Brief –
Return the listing below exactly as it stands. Pictures stay out.

Information supplied –
====================

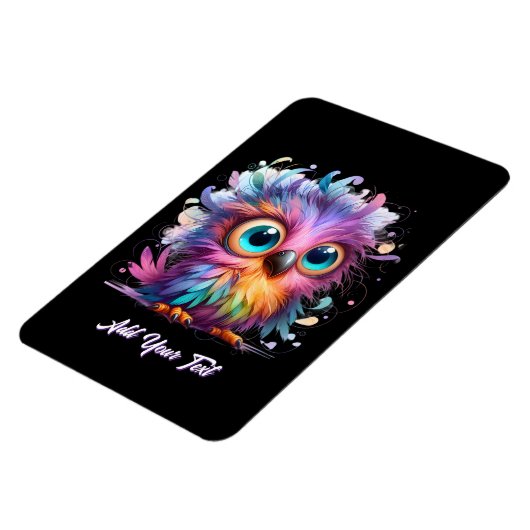 Add Your Text Magneet (Linkerzijde)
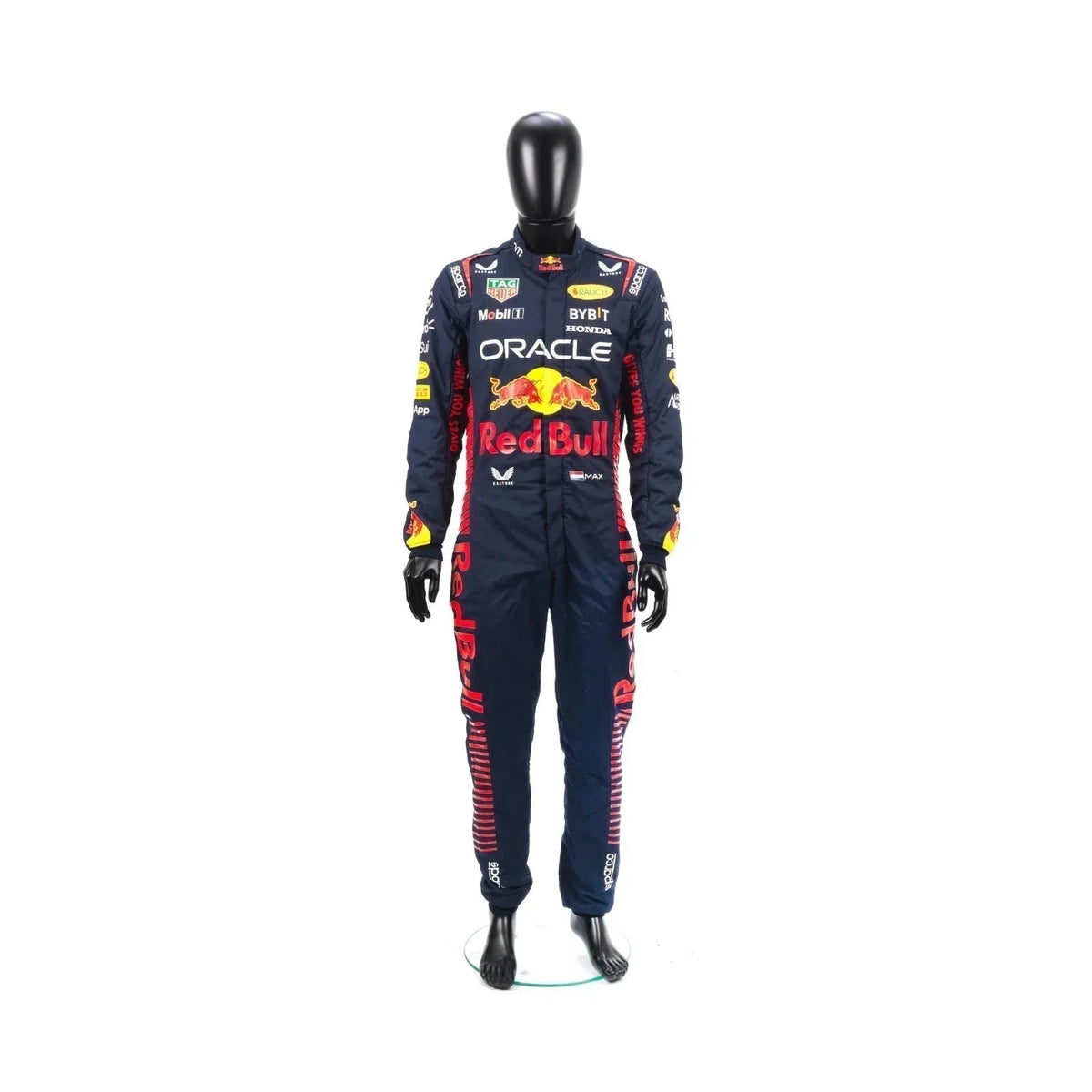 2023 Max Verstappen F1 Racing Suit | Dubai Racegear - Dubai Racewears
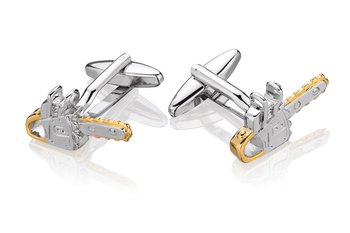 Spinki do mankietów X2 Piła łańcuchowa - Inna marka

====================

Your response –
 Add Your Text Magneet (Linkerzijde)
 2023 Max Verstappen F1 Racing Suit | Dubai Racegear - Dubai Racewears
 Spinki do mankietów X2 Piła łańcuchowa - Inna marka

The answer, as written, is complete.